Each of the records below must be reproduced verbatim.

Data extracts START

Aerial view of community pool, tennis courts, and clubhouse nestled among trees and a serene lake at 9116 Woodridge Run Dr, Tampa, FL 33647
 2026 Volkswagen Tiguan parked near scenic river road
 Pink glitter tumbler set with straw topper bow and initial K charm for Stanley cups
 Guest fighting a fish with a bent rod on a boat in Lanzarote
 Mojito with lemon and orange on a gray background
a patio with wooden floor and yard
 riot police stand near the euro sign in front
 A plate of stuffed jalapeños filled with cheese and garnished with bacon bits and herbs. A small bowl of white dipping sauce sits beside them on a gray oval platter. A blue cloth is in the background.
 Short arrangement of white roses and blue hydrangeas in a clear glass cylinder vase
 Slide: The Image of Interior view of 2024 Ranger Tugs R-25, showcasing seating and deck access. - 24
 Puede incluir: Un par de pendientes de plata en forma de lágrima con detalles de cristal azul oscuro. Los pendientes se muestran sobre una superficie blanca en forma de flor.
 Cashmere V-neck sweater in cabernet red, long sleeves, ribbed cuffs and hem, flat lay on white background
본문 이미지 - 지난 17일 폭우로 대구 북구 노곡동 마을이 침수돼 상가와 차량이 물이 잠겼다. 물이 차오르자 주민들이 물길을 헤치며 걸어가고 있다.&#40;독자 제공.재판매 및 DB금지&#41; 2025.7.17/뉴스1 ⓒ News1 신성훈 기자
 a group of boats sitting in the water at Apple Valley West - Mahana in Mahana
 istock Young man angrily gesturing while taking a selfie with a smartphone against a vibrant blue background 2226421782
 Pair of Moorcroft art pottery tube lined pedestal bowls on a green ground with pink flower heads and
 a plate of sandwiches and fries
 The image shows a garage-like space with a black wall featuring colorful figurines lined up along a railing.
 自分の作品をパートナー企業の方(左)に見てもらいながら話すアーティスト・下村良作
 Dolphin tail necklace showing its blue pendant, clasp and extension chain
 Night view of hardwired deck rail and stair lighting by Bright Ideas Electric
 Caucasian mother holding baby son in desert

Data extracts END

## Task output
Aerial view of community pool, tennis courts, and clubhouse nestled among trees and a serene lake at 9116 Woodridge Run Dr, Tampa, FL 33647
 2026 Volkswagen Tiguan parked near scenic river road
 Pink glitter tumbler set with straw topper bow and initial K charm for Stanley cups
 Guest fighting a fish with a bent rod on a boat in Lanzarote
 Mojito with lemon and orange on a gray background
a patio with wooden floor and yard
 riot police stand near the euro sign in front
 A plate of stuffed jalapeños filled with cheese and garnished with bacon bits and herbs. A small bowl of white dipping sauce sits beside them on a gray oval platter. A blue cloth is in the background.
 Short arrangement of white roses and blue hydrangeas in a clear glass cylinder vase
 Slide: The Image of Interior view of 2024 Ranger Tugs R-25, showcasing seating and deck access. - 24
 Puede incluir: Un par de pendientes de plata en forma de lágrima con detalles de cristal azul oscuro. Los pendientes se muestran sobre una superficie blanca en forma de flor.
 Cashmere V-neck sweater in cabernet red, long sleeves, ribbed cuffs and hem, flat lay on white background
본문 이미지 - 지난 17일 폭우로 대구 북구 노곡동 마을이 침수돼 상가와 차량이 물이 잠겼다. 물이 차오르자 주민들이 물길을 헤치며 걸어가고 있다.&#40;독자 제공.재판매 및 DB금지&#41; 2025.7.17/뉴스1 ⓒ News1 신성훈 기자
 a group of boats sitting in the water at Apple Valley West - Mahana in Mahana
 istock Young man angrily gesturing while taking a selfie with a smartphone against a vibrant blue background 2226421782
 Pair of Moorcroft art pottery tube lined pedestal bowls on a green ground with pink flower heads and
 a plate of sandwiches and fries
 The image shows a garage-like space with a black wall featuring colorful figurines lined up along a railing.
 自分の作品をパートナー企業の方(左)に見てもらいながら話すアーティスト・下村良作
 Dolphin tail necklace showing its blue pendant, clasp and extension chain
 Night view of hardwired deck rail and stair lighting by Bright Ideas Electric
 Caucasian mother holding baby son in desert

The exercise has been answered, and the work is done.